Vinny Adjibi (Georgia Institute of Technology), Athanasios Avgetidis (Georgia Institute of Technology), Manos Antonakakis (Georgia Institute of Technology), Alberto Dainotti (Georgia Institute of Technology), Michael Bailey (Georgia Institute of Technology), Fabian Monrose (Georgia Institute of Technology)

The Uniform Domain Name Dispute Resolution Policy (UDRP) seeks to balance two competing goals: empowering trademark holders to swiftly address domain name abuses—such as the sale of counterfeit goods that often bypass technical safeguards like blocklists—and protecting registrants from aggressive legal tactics by overreaching trademark claimants. Since its inception, the UDRP has become the de facto dispute resolution mechanism for over twelve hundred domain extensions, a substantial increase from the original three. However, despite its successes, critics argue that the policy enables practices that undermine trust and fairness. Unfortunately, meaningful reform efforts have stalled due to the absence of large-scale structured data, limiting empirical evaluations and leaving foundational questions unanswered for more than two decades.

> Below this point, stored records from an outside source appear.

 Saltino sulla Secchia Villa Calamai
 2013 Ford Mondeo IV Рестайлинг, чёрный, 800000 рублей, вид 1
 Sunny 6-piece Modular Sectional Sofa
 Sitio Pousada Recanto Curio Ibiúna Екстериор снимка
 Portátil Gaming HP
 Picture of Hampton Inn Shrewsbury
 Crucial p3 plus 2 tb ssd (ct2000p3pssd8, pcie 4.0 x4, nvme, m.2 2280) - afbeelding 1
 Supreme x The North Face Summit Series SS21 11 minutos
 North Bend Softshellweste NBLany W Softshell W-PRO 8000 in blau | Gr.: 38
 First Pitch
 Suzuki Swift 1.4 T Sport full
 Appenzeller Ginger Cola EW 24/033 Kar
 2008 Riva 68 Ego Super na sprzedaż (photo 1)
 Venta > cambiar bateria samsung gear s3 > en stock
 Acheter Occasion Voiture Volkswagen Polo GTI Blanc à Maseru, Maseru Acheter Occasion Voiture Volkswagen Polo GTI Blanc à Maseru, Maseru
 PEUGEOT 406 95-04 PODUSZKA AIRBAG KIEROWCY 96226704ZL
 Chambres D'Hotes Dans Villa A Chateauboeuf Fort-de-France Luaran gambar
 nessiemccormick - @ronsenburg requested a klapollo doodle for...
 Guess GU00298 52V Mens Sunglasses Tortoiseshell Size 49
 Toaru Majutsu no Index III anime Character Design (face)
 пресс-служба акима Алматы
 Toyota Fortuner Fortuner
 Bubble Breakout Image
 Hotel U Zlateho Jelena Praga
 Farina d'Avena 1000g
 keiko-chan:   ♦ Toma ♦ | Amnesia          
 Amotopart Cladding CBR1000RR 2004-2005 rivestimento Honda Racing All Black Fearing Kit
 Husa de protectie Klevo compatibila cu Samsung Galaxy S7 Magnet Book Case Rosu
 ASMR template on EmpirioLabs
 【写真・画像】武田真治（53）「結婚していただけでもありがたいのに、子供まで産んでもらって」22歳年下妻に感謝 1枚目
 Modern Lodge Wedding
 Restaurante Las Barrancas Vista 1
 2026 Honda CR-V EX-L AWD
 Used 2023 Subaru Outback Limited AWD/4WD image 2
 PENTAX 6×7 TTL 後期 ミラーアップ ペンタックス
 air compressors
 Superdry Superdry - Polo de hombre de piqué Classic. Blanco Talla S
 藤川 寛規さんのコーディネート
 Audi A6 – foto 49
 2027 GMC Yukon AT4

To address this long-standing gap, we trained models to extract structured data from 90,153 UDRP dispute proceedings, enabling the most comprehensive empirical analysis of the policy to date. Our findings shed light on several issues, showing evidence of forum shopping in almost one-third of all the disputes, potential conflicts of interest in 43 cases, and delays (by many parties) that fall well outside the expected response times—all of which impact the perceived fairness and efficiency of UDRP. Beyond eroding trust, those issues create serious security challenges: 2,751 malicious domains remained under malicious actors' control for up to four months after a panel ordered their transfer. Overall, our findings underscore the need for policy reform to help restore trust and improve transparency in the Internet's de facto standard for countering trademark infringement. Based on our discoveries, we recommend introducing greater automation, strengthening oversight, and enforcing clearer compliance rules to ensure that the UDRP remains a reliable tool for trademark-based name disputes—especially as the Internet continues to expand with new generic top-level domains (in 2026) and an increasingly hostile digital environment.